Task.
Below is a listing with pictures in it; transcribe exactly the lines from the one that has "BREE Leather Continental" through the one that has "ke Fajar Momen-momen", and omit those pictures.

Raw data.
■ ■ ■

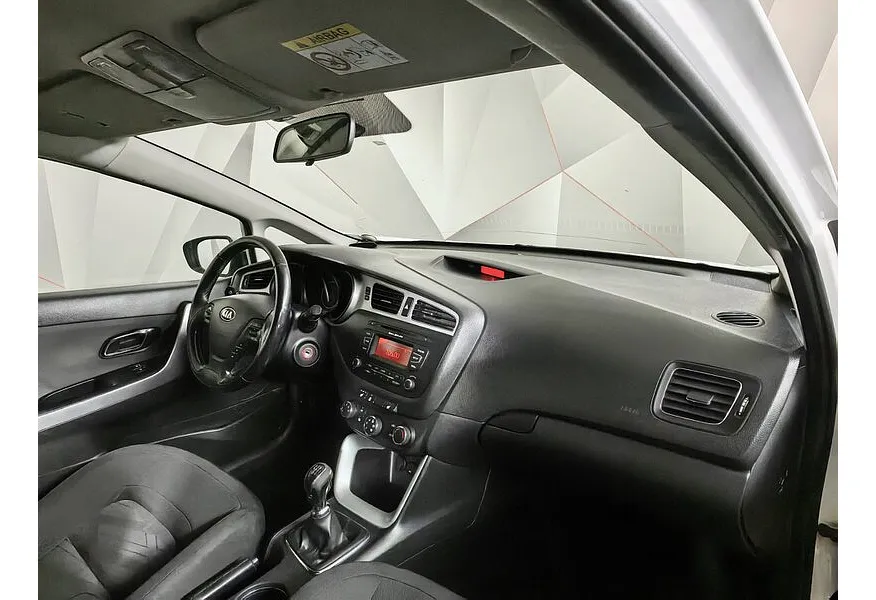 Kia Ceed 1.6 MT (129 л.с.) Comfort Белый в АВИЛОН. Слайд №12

■ ■ ■

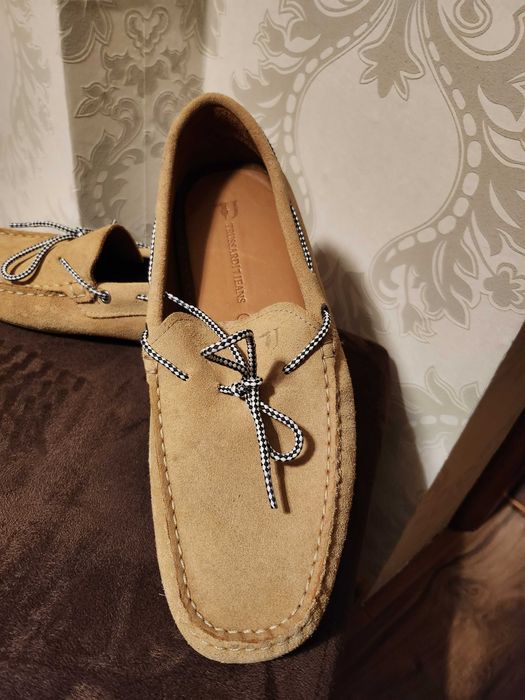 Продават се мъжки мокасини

■ ■ ■

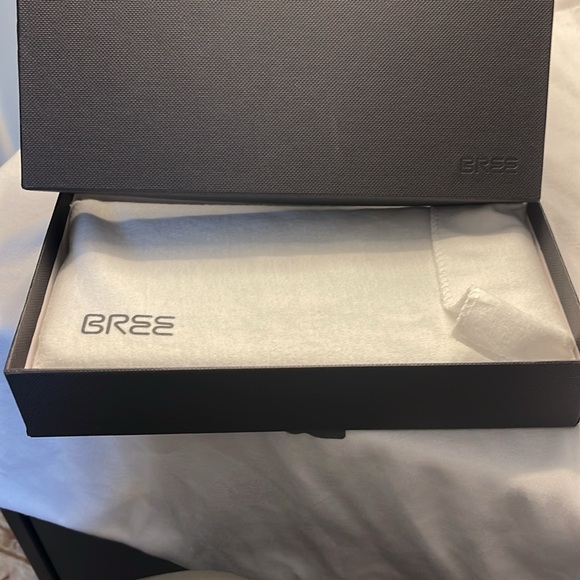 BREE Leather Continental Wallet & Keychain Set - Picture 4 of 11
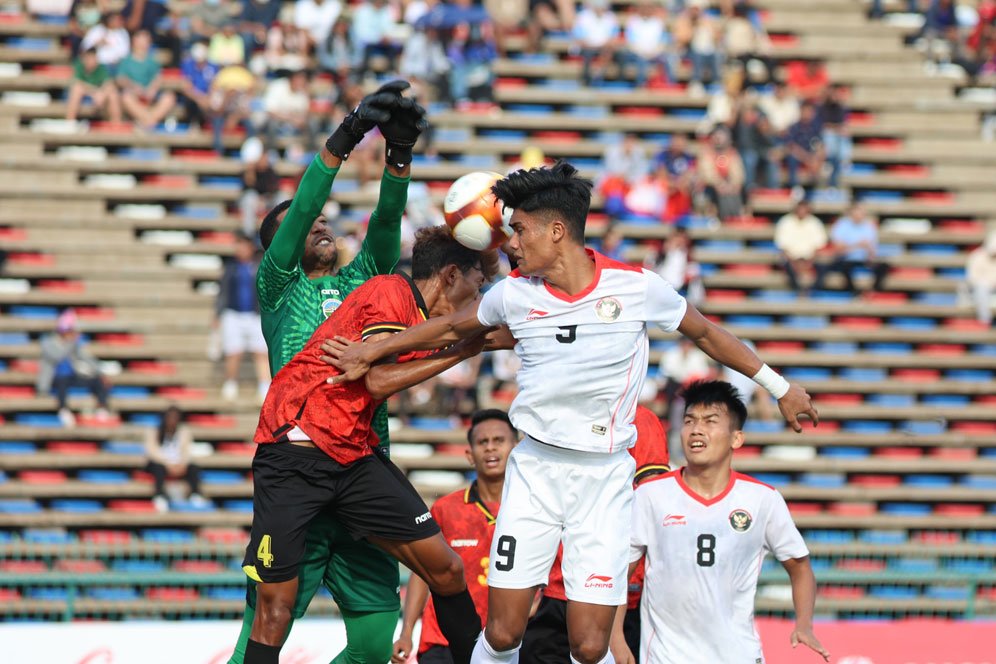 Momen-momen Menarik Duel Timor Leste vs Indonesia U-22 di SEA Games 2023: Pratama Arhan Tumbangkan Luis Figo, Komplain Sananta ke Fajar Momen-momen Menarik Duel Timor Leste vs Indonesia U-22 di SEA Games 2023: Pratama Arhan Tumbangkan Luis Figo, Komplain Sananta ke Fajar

■ ■ ■

Solution to this exercise.
 BREE Leather Continental Wallet & Keychain Set - Picture 4 of 11
 Momen-momen Menarik Duel Timor Leste vs Indonesia U-22 di SEA Games 2023: Pratama Arhan Tumbangkan Luis Figo, Komplain Sananta ke Fajar Momen-momen Menarik Duel Timor Leste vs Indonesia U-22 di SEA Games 2023: Pratama Arhan Tumbangkan Luis Figo, Komplain Sananta ke Fajar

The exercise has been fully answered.